> **TASK INPUTS**:
■ ■ ■ ■ ■ ■ ■
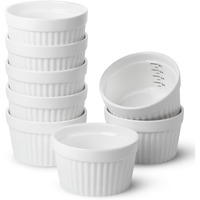 Btat- Ramekins, 8 Oz, Set Of 8, Ramekins For Baking, Ramekin With Measurement Markings, Creme Brulee Dishes, Souffle Cups, Custard Cups, Ceramic Bakeware, Souffle Dish, Small Ceramic Bowl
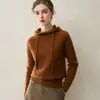 Suéter com Capuz 100% Caxemira Pura Outono 2026 Feminino Malha Solta Estilo Casual Camisa Básica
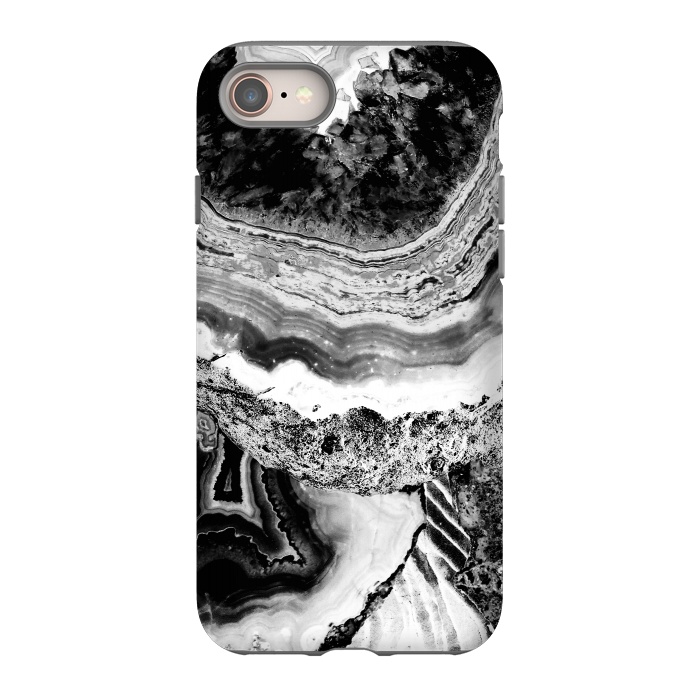 iPhone SE StrongFit Black and white geode marble art by Oana 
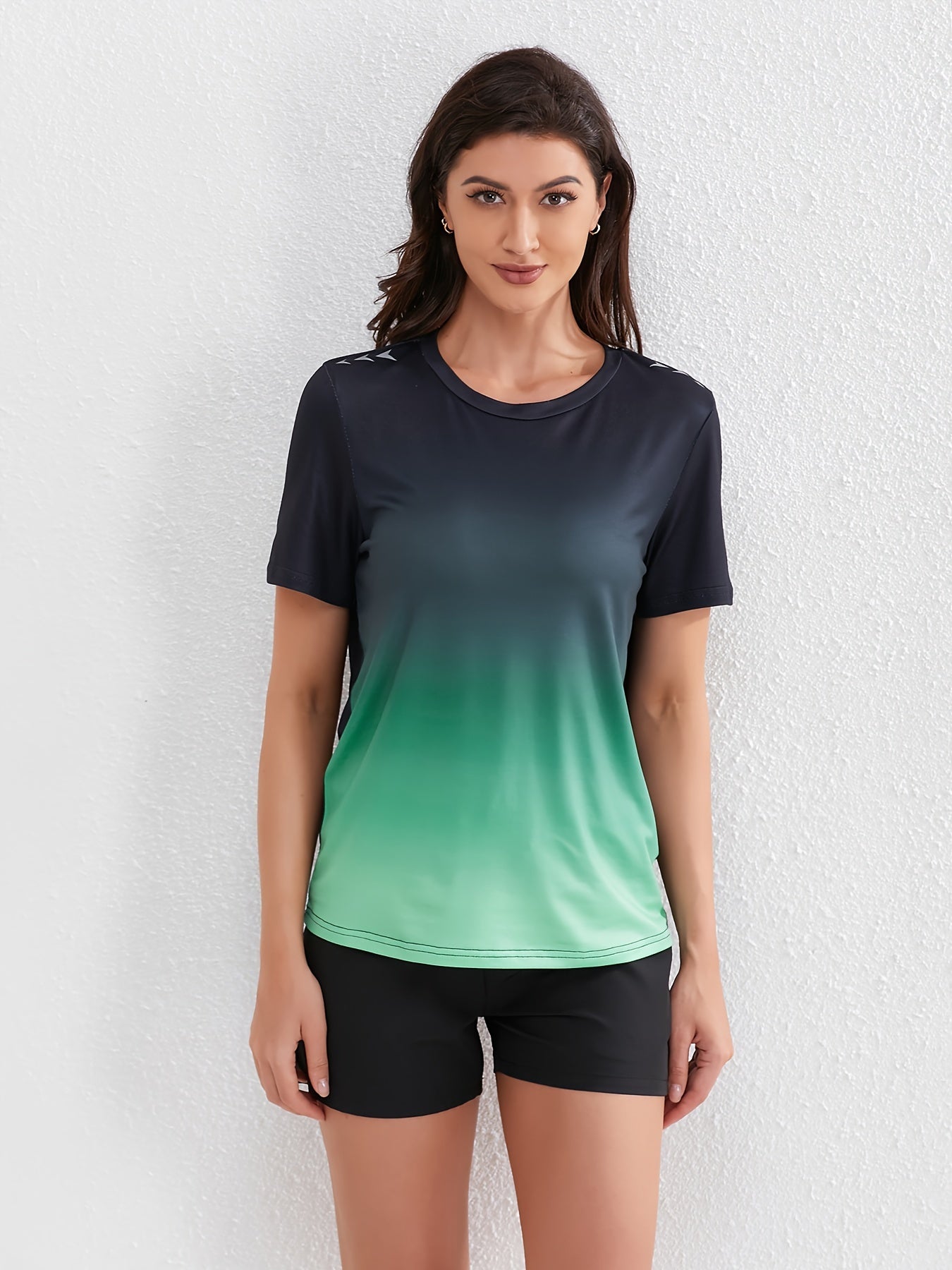Women's Ombre Sports Tee, Gradient Shades, Casual Athletic T-Shirt, Short-Sleeve, Quick Dry, Breathable Fabric, Gym Wear, Running Top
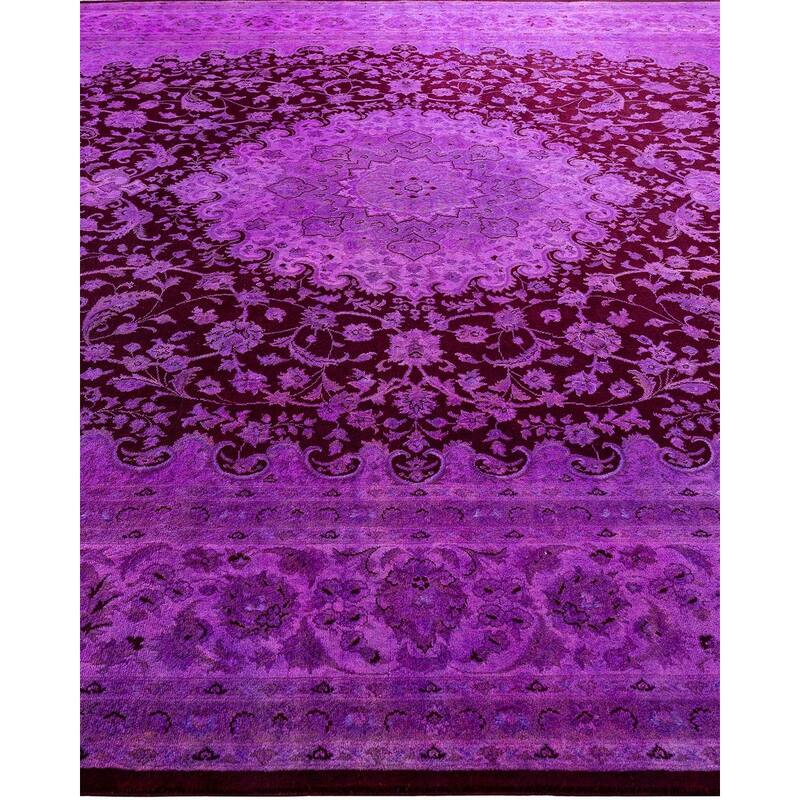 Fine Vibrance One-of-a-Kind Hand-Knotted Area Rug - Purple, 9' 1" x 12' 3" - 9' 1" x 12' 3"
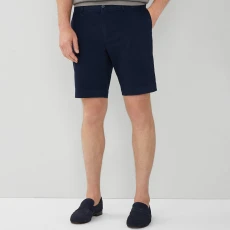 Navy Slim Fit Kensington Cotton Shorts - Blue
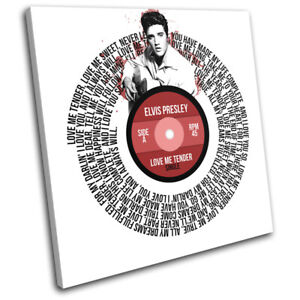 Elvis Presley Love Record Vinyl Song Lyrics Canvas Wall Art Picture Print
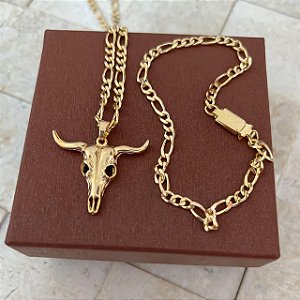 Conjunto Masculino Touro com Cordão 3x1 Banhado a Ouro 18K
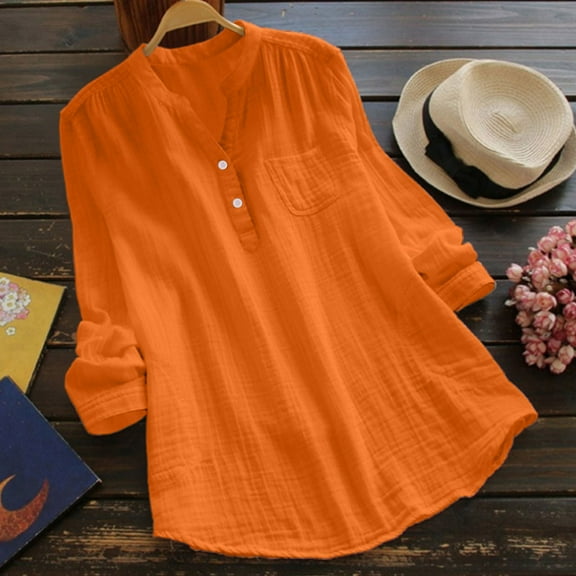 Loose Fit T-Shirts Women'S Pocket Solid Color V Neck Cotton Long Sleeved Loose Casual Shirt,Orange Women Blending Shirts XL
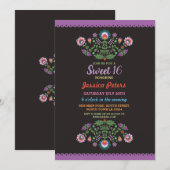 Sweet 16-feest Bloemrijke Fiesta Mexicaanse Verjaa Kaart (Voorkant / Achterkant)
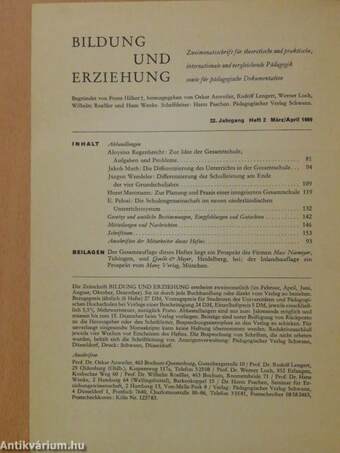 Bildung und Erziehung März/April 1969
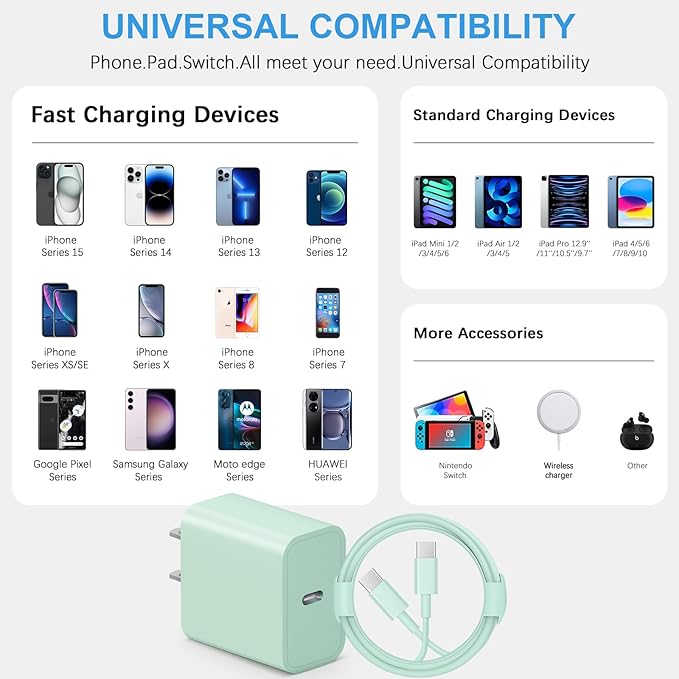 iPhone 17 16 15 Charger Fast Charging 3+3Pack Type C Charger USB C Chargers Block with 10FT Cable for iPhone Air/17/17 Plus/17 Pro/17 Pro Max/16/16 Plus/16 Pro/16 Pro Max/15/15 Pro Max(Green)
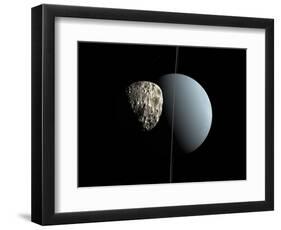 Artist's Concept of How Uranus and its Tiny Moon Puck-Stocktrek Images-Framed Photographic Print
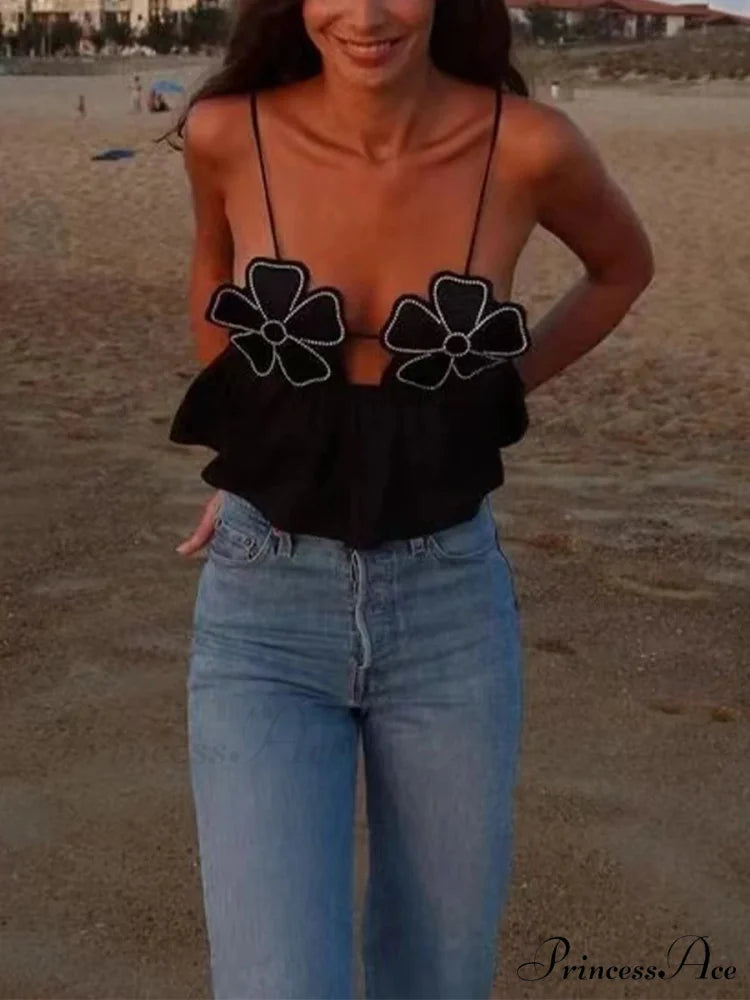 3D Blossom Spaghetti Strap Open-Back Crop Top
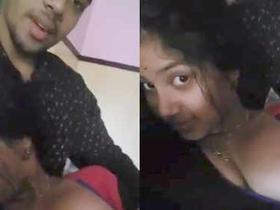 Cute Indian lover reveals his girlfriend's perky breasts
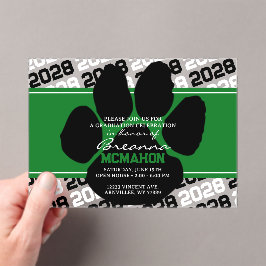 Groen & Zwart Afstuderen Pawprint Frosted Acryl Uitnodigingen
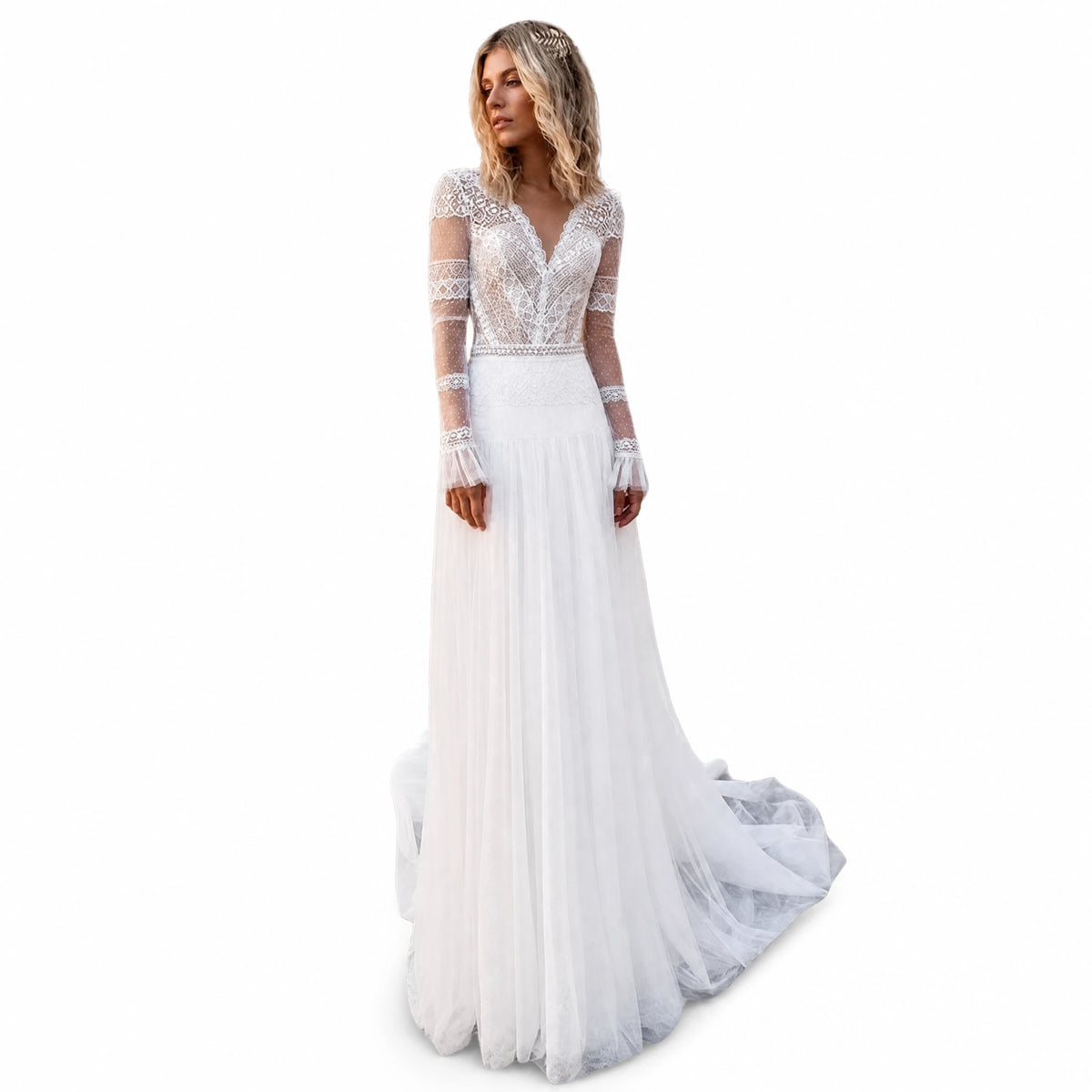 Robe de Mariée Bohème Vintage - image principale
■ ■ ■ ■ ■ ■ ■
> **WORK INSTRUCTION**: Every line above is to be written out unchanged, with the pictures omitted.

> **EXERCISE SOLUTION**:
 Btat- Ramekins, 8 Oz, Set Of 8, Ramekins For Baking, Ramekin With Measurement Markings, Creme Brulee Dishes, Souffle Cups, Custard Cups, Ceramic Bakeware, Souffle Dish, Small Ceramic Bowl
 Suéter com Capuz 100% Caxemira Pura Outono 2026 Feminino Malha Solta Estilo Casual Camisa Básica
 iPhone SE StrongFit Black and white geode marble art by Oana 
Women's Ombre Sports Tee, Gradient Shades, Casual Athletic T-Shirt, Short-Sleeve, Quick Dry, Breathable Fabric, Gym Wear, Running Top
 Fine Vibrance One-of-a-Kind Hand-Knotted Area Rug - Purple, 9' 1" x 12' 3" - 9' 1" x 12' 3"
 Navy Slim Fit Kensington Cotton Shorts - Blue
 Elvis Presley Love Record Vinyl Song Lyrics Canvas Wall Art Picture Print
 Conjunto Masculino Touro com Cordão 3x1 Banhado a Ouro 18K
 Loose Fit T-Shirts Women'S Pocket Solid Color V Neck Cotton Long Sleeved Loose Casual Shirt,Orange Women Blending Shirts XL
 Sweet 16-feest Bloemrijke Fiesta Mexicaanse Verjaa Kaart (Voorkant / Achterkant)
 Bildung und Erziehung März/April 1969
 iPhone 17 16 15 Charger Fast Charging 3+3Pack Type C Charger USB C Chargers Block with 10FT Cable for iPhone Air/17/17 Plus/17 Pro/17 Pro Max/16/16 Plus/16 Pro/16 Pro Max/15/15 Pro Max(Green)
 Artist's Concept of How Uranus and its Tiny Moon Puck-Stocktrek Images-Framed Photographic Print
 3D Blossom Spaghetti Strap Open-Back Crop Top
 Cute Indian lover reveals his girlfriend's perky breasts
 Groen & Zwart Afstuderen Pawprint Frosted Acryl Uitnodigingen
 Robe de Mariée Bohème Vintage - image principale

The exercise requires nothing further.